===== EXERCISE DATA

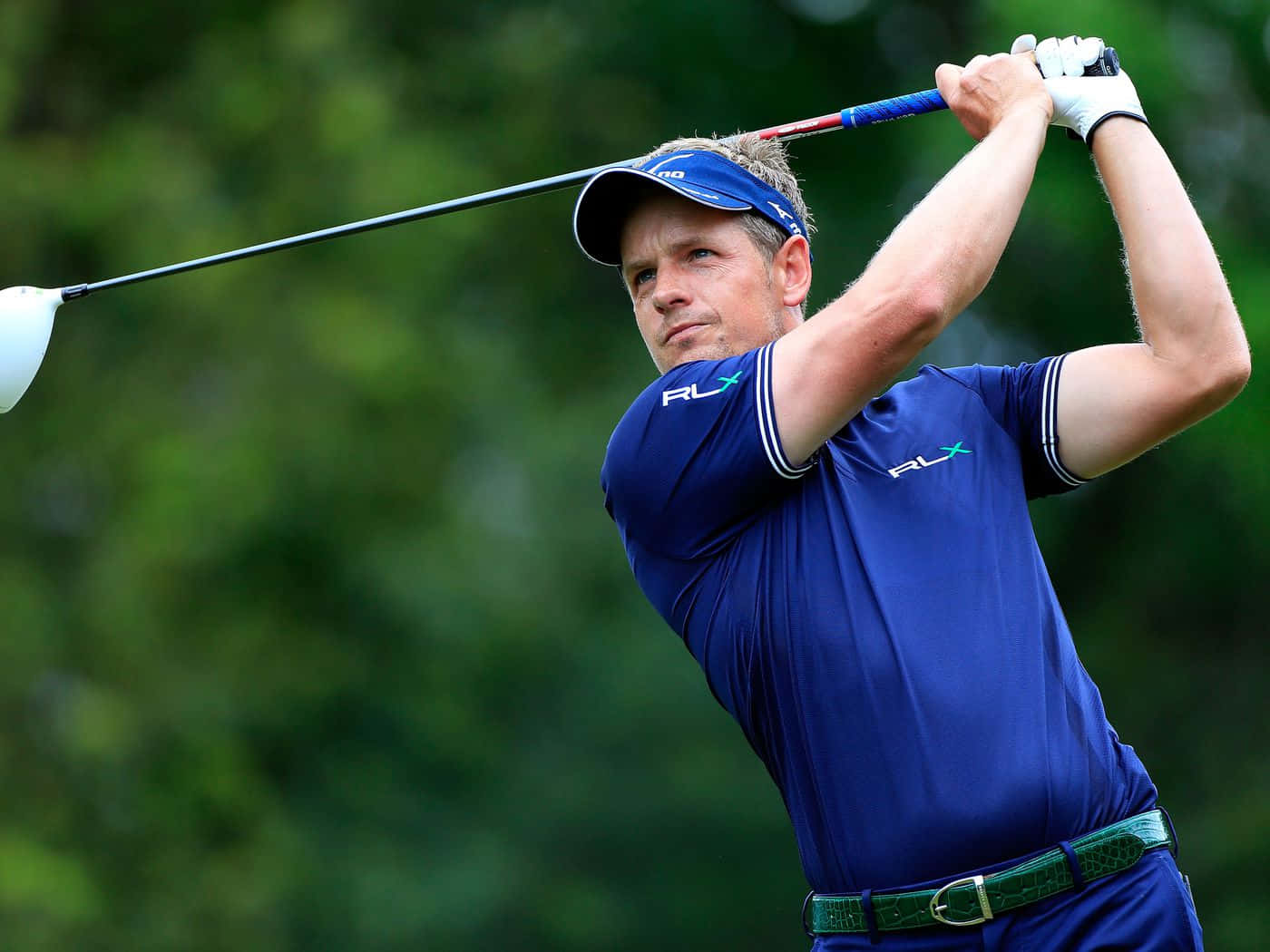 Briny Baird Perfecting His Swing On The Golf Course Background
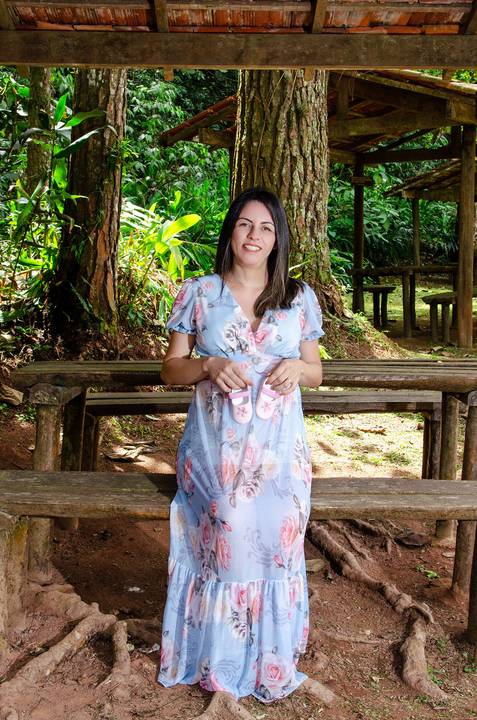 Foto da Mãe de Vestido Azul Clarinho Sentada Com O Sapatinho da Bebê Na Barriga No Núcleo Engordador Na Cantareira em São Paulo, Foto Feita Pela Priscila Felix Fotógrafa de Família, Casamento e Ensaios '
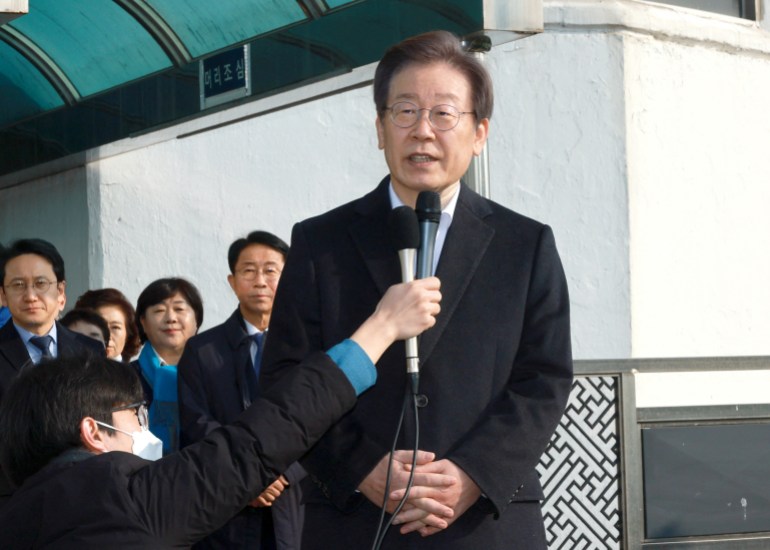 South Korea's opposition Democratic Party leader Lee Jae-myung speaks after being discharged at Seoul National University Hospital in Seoul, South Korea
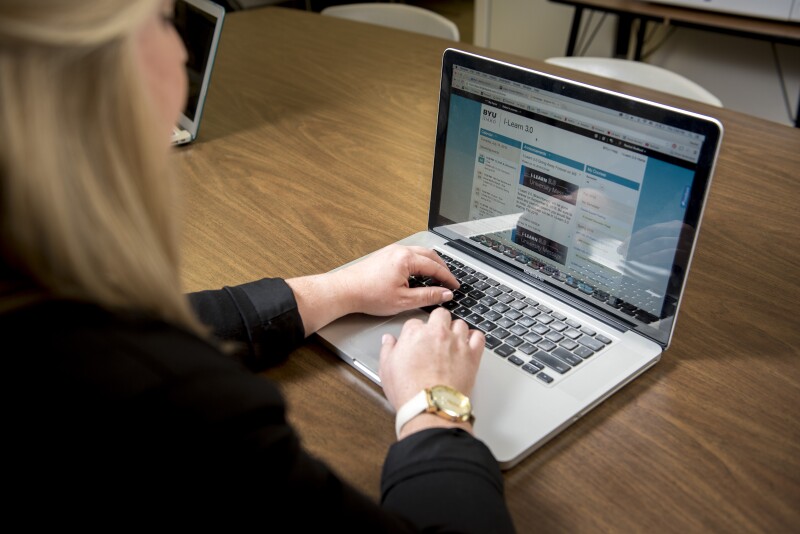 Student using a computer to explore BYU-Idaho's Concurrent Enrollment Credit Transfer Tool, determining how high school courses transfer to university credit.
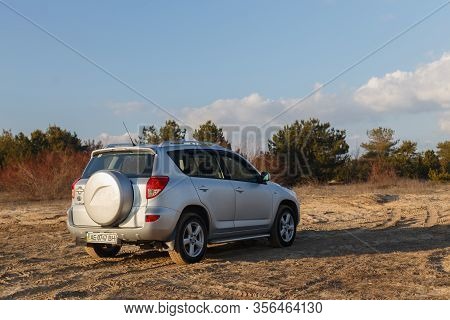 Dnipro, Ukraine - February 19, 2020: Toyota Rav4 2006 Gray Color Among The Sand Near The Forest, Ope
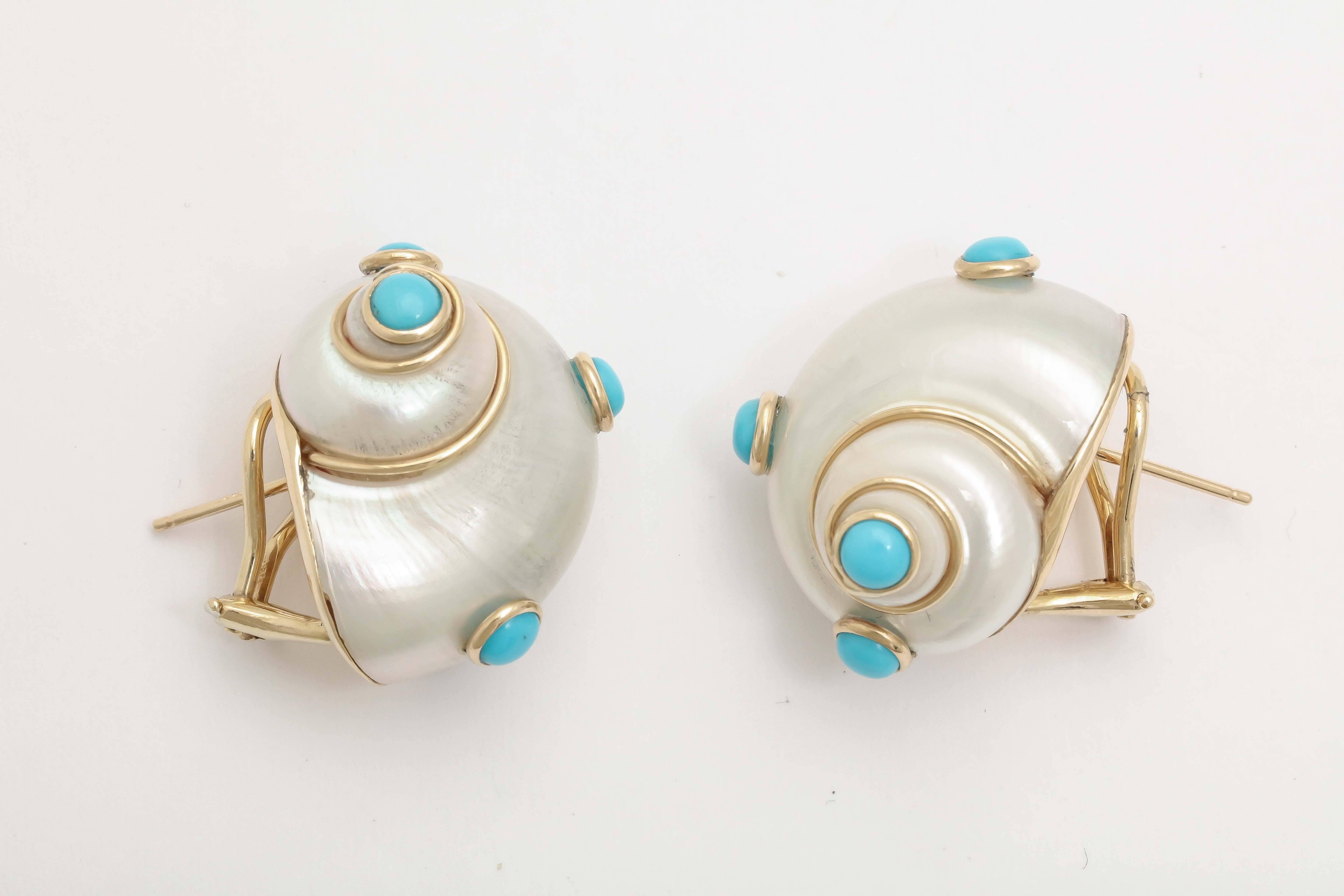 A new twist.  Shell Earrings set in 14t Yellow Gold and bezel set with Cabochon Turquoise Stones.  Left Ear - the Shell goes up, while the Right Ear is oriented with the Shell going down.  Omega backs and pierced, as well.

==========

PROBLEM TO SOLVE -> Return all records exactly as they stand above, except for pictures.

SOLVED EXERCISE ->
 Briny Baird Perfecting His Swing On The Golf Course Background
 Foto da Mãe de Vestido Azul Clarinho Sentada Com O Sapatinho da Bebê Na Barriga No Núcleo Engordador Na Cantareira em São Paulo, Foto Feita Pela Priscila Felix Fotógrafa de Família, Casamento e Ensaios '
 South Korea's opposition Democratic Party leader Lee Jae-myung speaks after being discharged at Seoul National University Hospital in Seoul, South Korea
 Student using a computer to explore BYU-Idaho's Concurrent Enrollment Credit Transfer Tool, determining how high school courses transfer to university credit.
 Dnipro, Ukraine - February 19, 2020: Toyota Rav4 2006 Gray Color Among The Sand Near The Forest, Ope
 A new twist.  Shell Earrings set in 14t Yellow Gold and bezel set with Cabochon Turquoise Stones.  Left Ear - the Shell goes up, while the Right Ear is oriented with the Shell going down.  Omega backs and pierced, as well.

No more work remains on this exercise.